Workinghardeveryday · 07/10/2022 09:16

Thank you all, all good ideas.

He works in construction so having a word about petrol costs wouldn’t go down well, he would look grabby as he is going that way anyway. They may let him use the van going forward, but not sure where he would park it as drive would already be full.

He really needs his commute time to himself, it’s his only me time, he’s quite an introvert.

I posted on here as we both wanted a much broader opinion of what we could do about it, I am helping as I am fed up with the sulking about it 😕.

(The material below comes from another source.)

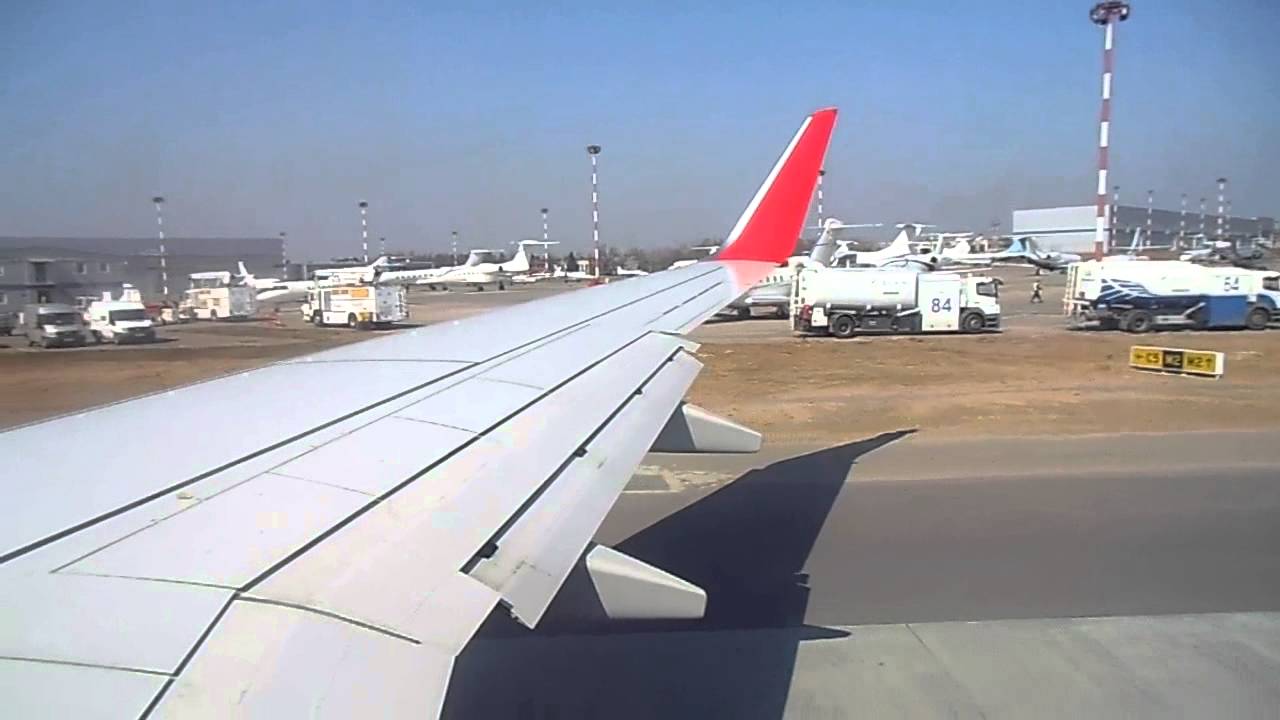 Взлет самолёта, Внуково, рейс Москва-Милан, апрель 2014г. Take-off of the plane, Vnukovo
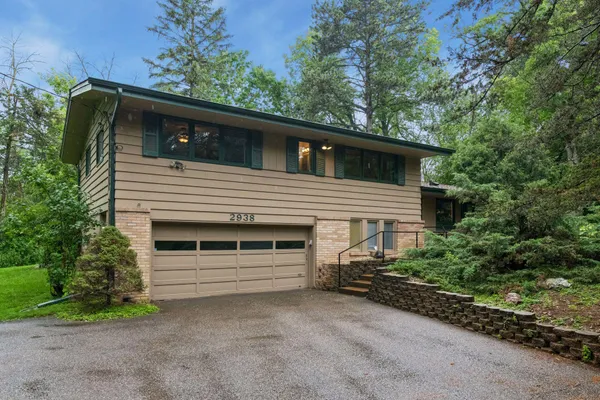 $450,000 | 2938 Oak Lea Drive, Minnetonka, MN 55391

It has made him late home already. He was working in the opposite direction to work this week which is close to home, he could have been home earlier than normal, but he had to drive past home, go back to the yard, newby was late getting back, so added a good chunk of time to the end of his day!

OP posts:
Novum · 07/10/2022 09:17

Talk to the new colleague about the fact that this can't be a permanent arrangement and ask what plans he had for transport before boss offered this solution; point out that there would anyway be days when he can't do it for good reason and again ask colleague what plans he has for those days. Then say that as from, say, November, he will have to stop giving lifts.

Novum · 07/10/2022 09:19

Posted before I saw your update, OP. If your DH regularly works off site then surely it's absolutely reasonable to say that on those days a lift will not be happening.